To gain insight into President Trump – and the government shutdown – read Chapter 2 of “The Art of the Deal.”
Many of the steps businessman Trump and his coauthor lay out in their 1987 bestseller reflect the president’s aggressive approach to negotiation today: Think big. Use your leverage. Get the word out. Fight back.
“My style of deal-making is quite simple and straightforward,” the chapter begins. “I aim very high, and then I just keep pushing and pushing and pushing to get what I’m after.”
Over the weekend, Mr. Trump got a taste of just how difficult negotiating can be in Washington. As the partial government shutdown over border-wall funding entered its fifth week, Trump offered what he called a “common-sense compromise”: temporary protections for “dreamers” and certain other immigrants in exchange for $5.7 billion for the wall.
The offer seemed a departure from Trump’s aggressive style. But “The Art of the Deal” also preaches flexibility. “I never get too attached to one deal or one approach,” he writes. Last week, top Trump aides crafted the proposal with the Senate Republican leader.

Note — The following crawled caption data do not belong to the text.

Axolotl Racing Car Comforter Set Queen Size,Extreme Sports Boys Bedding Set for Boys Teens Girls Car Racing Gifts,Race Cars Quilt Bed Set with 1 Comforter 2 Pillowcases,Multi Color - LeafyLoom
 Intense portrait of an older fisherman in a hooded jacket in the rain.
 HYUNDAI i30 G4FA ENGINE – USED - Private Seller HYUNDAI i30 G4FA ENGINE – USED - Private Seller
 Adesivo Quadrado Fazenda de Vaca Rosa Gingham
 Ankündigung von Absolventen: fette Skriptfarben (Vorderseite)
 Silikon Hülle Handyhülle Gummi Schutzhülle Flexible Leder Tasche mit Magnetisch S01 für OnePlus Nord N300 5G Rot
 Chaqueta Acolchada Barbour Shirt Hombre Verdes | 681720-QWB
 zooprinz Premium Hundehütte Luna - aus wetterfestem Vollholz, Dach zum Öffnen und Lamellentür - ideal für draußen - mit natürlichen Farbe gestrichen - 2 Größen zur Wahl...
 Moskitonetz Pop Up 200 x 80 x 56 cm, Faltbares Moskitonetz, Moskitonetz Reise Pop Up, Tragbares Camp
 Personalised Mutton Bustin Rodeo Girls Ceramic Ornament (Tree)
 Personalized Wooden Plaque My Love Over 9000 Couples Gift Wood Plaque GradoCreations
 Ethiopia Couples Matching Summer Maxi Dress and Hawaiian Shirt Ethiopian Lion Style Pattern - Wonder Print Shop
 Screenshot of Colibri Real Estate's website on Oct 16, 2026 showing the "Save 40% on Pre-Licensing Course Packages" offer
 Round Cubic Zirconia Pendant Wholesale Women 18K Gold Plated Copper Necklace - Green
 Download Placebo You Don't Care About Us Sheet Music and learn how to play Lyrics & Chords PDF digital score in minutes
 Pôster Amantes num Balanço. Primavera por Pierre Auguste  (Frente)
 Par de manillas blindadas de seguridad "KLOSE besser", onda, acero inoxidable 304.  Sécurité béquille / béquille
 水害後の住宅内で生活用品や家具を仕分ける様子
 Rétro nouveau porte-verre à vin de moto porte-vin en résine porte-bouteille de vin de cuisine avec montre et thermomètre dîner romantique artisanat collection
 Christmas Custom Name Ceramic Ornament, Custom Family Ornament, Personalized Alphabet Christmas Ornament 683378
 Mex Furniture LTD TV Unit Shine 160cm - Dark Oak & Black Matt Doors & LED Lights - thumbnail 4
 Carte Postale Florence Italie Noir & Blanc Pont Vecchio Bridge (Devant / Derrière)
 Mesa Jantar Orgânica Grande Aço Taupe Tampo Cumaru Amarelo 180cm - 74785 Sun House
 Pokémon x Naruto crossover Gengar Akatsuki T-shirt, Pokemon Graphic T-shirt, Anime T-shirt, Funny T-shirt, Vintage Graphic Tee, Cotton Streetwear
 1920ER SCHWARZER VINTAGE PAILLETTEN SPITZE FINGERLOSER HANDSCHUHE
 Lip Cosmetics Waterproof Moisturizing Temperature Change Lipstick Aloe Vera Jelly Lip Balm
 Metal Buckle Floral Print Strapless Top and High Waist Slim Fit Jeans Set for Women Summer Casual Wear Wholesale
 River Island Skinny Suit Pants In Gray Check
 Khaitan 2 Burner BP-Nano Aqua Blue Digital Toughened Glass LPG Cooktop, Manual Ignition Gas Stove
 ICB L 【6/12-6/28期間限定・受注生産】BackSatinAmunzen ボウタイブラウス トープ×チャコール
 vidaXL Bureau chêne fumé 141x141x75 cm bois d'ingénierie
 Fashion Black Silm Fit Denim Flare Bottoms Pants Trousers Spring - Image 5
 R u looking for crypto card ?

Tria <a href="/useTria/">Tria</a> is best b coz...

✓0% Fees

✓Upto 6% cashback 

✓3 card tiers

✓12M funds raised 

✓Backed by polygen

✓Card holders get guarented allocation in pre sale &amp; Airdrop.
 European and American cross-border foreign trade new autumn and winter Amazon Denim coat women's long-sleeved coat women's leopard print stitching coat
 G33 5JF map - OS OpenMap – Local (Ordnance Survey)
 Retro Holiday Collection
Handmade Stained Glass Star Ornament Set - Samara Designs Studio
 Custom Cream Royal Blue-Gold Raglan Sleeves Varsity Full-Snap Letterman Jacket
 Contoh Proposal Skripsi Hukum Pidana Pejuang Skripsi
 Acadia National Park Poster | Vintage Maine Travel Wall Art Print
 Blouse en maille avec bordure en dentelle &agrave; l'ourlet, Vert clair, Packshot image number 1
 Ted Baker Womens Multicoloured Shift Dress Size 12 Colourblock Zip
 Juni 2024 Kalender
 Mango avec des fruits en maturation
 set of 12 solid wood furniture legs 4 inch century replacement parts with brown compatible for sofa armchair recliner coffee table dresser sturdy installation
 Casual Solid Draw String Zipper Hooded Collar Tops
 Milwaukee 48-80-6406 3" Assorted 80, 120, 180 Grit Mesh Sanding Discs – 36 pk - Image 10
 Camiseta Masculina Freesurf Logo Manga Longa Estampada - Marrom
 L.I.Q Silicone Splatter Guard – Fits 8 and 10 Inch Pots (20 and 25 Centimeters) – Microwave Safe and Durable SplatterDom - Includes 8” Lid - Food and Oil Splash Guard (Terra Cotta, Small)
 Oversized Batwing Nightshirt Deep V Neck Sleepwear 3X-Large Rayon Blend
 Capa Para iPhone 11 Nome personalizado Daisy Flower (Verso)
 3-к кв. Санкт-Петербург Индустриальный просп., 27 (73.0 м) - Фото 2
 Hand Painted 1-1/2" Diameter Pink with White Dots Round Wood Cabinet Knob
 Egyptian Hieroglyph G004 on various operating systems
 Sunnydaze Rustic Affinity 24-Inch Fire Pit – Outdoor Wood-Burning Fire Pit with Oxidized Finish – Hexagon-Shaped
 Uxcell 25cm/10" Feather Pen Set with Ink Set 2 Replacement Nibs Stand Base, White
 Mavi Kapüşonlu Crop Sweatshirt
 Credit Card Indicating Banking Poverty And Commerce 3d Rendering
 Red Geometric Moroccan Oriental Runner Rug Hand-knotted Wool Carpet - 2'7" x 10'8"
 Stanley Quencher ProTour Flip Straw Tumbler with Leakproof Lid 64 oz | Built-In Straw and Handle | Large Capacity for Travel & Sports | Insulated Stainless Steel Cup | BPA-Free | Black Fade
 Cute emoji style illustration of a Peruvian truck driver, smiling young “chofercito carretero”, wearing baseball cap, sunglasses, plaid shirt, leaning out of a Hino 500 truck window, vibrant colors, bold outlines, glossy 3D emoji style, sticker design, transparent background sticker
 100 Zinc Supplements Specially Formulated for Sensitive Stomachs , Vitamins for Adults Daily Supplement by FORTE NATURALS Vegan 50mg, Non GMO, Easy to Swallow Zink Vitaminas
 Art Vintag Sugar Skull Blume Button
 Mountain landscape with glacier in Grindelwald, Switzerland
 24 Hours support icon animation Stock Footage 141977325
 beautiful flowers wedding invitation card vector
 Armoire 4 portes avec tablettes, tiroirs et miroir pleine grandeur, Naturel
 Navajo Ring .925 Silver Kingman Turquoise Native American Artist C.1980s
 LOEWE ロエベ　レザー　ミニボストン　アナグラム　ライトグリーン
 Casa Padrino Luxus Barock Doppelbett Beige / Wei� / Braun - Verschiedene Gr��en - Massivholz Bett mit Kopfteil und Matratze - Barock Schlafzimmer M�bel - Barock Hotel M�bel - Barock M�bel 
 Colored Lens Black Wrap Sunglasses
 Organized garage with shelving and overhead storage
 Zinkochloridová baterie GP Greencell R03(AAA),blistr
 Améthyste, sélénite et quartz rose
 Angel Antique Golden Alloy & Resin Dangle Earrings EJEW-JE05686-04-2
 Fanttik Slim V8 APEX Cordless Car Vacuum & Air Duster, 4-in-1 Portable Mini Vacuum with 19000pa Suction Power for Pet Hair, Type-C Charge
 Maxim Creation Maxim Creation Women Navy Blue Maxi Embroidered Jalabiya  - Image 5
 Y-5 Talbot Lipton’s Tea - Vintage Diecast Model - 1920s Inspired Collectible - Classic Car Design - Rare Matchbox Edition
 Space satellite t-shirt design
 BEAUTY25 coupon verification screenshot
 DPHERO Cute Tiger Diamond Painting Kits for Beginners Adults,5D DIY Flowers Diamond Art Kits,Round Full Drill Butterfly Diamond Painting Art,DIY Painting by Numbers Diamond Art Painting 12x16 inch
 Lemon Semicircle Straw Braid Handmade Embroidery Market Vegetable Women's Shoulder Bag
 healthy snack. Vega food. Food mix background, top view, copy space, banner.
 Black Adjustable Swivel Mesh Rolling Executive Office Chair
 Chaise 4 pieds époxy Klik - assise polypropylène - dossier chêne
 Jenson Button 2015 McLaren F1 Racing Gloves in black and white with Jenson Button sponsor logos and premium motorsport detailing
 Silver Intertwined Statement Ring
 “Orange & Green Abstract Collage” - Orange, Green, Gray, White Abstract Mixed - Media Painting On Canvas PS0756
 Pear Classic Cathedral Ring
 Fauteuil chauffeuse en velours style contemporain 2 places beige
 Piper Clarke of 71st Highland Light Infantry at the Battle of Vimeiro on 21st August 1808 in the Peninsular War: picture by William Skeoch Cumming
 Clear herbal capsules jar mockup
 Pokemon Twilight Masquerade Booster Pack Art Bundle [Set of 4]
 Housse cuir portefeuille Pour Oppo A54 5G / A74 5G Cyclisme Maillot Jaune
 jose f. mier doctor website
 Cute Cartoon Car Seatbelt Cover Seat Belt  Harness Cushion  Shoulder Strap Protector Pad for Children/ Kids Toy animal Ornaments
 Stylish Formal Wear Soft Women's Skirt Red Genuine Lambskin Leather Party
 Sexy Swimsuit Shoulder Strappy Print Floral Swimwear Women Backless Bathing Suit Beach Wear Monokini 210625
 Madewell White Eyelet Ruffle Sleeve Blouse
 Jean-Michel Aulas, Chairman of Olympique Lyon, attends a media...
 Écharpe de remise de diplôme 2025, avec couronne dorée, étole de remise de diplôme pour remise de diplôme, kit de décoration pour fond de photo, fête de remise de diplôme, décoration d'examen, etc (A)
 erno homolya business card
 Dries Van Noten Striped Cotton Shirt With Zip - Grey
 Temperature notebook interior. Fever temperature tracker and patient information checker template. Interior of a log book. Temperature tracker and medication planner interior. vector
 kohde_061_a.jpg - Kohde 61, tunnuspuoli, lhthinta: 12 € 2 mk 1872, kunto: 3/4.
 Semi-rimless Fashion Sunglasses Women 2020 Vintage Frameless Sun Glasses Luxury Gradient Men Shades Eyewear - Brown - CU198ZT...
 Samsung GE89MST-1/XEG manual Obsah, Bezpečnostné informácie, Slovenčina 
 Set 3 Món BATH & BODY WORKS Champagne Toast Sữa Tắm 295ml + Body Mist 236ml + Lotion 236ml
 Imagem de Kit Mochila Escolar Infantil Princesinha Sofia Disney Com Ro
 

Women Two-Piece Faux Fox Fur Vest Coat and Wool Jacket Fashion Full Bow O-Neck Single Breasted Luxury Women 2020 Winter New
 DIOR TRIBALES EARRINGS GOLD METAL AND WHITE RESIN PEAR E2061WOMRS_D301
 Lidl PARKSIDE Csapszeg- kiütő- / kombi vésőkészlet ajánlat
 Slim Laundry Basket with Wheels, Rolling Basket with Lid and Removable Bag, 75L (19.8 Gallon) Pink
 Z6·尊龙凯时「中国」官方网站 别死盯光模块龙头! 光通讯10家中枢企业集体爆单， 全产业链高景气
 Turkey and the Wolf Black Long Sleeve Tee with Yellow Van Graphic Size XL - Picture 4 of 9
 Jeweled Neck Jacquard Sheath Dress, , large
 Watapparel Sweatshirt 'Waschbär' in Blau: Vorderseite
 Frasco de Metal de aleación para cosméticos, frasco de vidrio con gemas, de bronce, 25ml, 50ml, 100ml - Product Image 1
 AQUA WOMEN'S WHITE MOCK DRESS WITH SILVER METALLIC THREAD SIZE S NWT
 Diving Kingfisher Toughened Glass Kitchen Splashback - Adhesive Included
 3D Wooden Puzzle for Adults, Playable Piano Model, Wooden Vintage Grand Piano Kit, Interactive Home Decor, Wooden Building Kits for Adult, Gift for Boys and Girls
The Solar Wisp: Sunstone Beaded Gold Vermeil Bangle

Satisfying all constituencies in Washington, however, can be extraordinarily difficult – and with the House now in Democratic hands, enacting major legislation just got a lot harder. House Speaker Nancy Pelosi called Trump’s proposal a nonstarter before it was even announced, knowing that it would still contain $5.7 billion for the wall; high-profile conservatives slammed the immigration provisions as “amnesty.”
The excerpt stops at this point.